Different FDR control frameworks for different situations

An important and possibly troublesome feature of Fig. 1 is that some “unselected” black points are surrounded by “selected” red ones. In other words, some putative biomarkers may not be retained while other ones with smaller effect size and larger raw p-value are. This is a classical drawback of competition-based FDR control methods: each putative biomarker being retained or not does not only depend on its features, but also on those of its fictionalized counterpart, which generation is subject to randomness. Although this weakness can be addressed too, it requires less straightforward tools10. Another still open problem in KO theory lies in the KO/decoy generation, which can be difficult depending on the dataset. With this respect, the approach of CurveCurator is worthwhile. More generally, no method is perfect: KO filters, like p-value adjustment or permutation-based control have pros and cons (see Table 1).

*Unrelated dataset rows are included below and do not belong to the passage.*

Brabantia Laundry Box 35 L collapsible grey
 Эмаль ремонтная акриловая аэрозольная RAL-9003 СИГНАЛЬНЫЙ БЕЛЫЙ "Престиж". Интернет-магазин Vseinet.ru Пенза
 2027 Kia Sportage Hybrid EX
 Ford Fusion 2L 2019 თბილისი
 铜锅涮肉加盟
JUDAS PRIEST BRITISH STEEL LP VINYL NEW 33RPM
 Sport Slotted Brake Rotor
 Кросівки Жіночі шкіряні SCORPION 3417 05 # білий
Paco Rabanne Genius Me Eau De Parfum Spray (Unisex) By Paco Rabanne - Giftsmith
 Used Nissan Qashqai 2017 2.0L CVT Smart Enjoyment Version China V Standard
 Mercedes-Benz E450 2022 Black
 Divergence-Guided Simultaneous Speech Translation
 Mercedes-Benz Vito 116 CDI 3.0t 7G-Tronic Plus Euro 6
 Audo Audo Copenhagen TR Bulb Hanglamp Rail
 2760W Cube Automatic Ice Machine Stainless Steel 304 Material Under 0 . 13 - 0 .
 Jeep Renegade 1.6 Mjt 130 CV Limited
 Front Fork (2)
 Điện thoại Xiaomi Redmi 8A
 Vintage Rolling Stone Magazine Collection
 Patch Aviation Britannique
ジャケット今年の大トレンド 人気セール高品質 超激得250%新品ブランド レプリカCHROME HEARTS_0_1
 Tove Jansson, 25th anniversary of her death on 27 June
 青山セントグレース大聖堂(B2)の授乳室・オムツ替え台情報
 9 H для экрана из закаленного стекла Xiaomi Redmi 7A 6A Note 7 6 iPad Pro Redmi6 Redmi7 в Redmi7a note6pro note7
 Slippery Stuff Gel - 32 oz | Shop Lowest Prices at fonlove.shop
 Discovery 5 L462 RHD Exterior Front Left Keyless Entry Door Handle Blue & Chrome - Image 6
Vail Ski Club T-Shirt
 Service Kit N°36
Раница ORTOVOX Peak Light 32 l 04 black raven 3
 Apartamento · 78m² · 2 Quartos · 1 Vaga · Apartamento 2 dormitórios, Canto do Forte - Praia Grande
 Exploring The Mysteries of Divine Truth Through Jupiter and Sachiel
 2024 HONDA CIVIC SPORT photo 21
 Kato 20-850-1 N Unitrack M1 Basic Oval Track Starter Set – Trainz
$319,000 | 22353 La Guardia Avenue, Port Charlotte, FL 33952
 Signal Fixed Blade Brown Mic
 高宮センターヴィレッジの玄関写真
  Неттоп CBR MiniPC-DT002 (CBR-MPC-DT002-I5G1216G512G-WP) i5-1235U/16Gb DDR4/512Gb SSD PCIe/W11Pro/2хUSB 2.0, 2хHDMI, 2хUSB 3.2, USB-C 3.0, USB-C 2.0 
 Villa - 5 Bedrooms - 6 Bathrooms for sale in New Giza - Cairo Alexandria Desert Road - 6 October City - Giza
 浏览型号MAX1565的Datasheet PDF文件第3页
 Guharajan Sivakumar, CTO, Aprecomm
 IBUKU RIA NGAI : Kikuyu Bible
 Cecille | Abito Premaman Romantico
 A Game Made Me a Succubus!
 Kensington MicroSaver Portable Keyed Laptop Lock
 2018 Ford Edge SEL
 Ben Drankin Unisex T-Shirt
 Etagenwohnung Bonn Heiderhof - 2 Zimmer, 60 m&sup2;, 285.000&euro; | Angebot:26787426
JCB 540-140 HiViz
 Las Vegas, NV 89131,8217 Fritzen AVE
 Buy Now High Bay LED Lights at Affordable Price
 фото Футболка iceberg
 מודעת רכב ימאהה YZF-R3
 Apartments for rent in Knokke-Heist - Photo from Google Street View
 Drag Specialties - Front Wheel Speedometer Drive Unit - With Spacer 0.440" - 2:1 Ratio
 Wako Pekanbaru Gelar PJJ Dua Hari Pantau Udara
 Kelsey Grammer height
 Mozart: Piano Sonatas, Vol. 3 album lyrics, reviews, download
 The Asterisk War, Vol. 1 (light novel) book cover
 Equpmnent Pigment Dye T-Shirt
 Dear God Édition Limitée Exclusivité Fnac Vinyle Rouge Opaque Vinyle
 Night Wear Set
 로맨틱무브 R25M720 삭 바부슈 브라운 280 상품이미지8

Therefore, depending on the data analyst ‘need, the preferred method should change. Considering this need for multiple off-the-shelf tools, it is important to notice that KO filters have hardly spread beyond the theoretical community so far, and that their applications to enhance data analysis in biology-centered investigations are still scarce, unfortunately. In this context, the seminal proposal of Bayer et al. can be expected to foster the translation of these fast-evolving theories into practical and efficient software with growing importance in biomarker discoveries, and they must be acknowledged for this.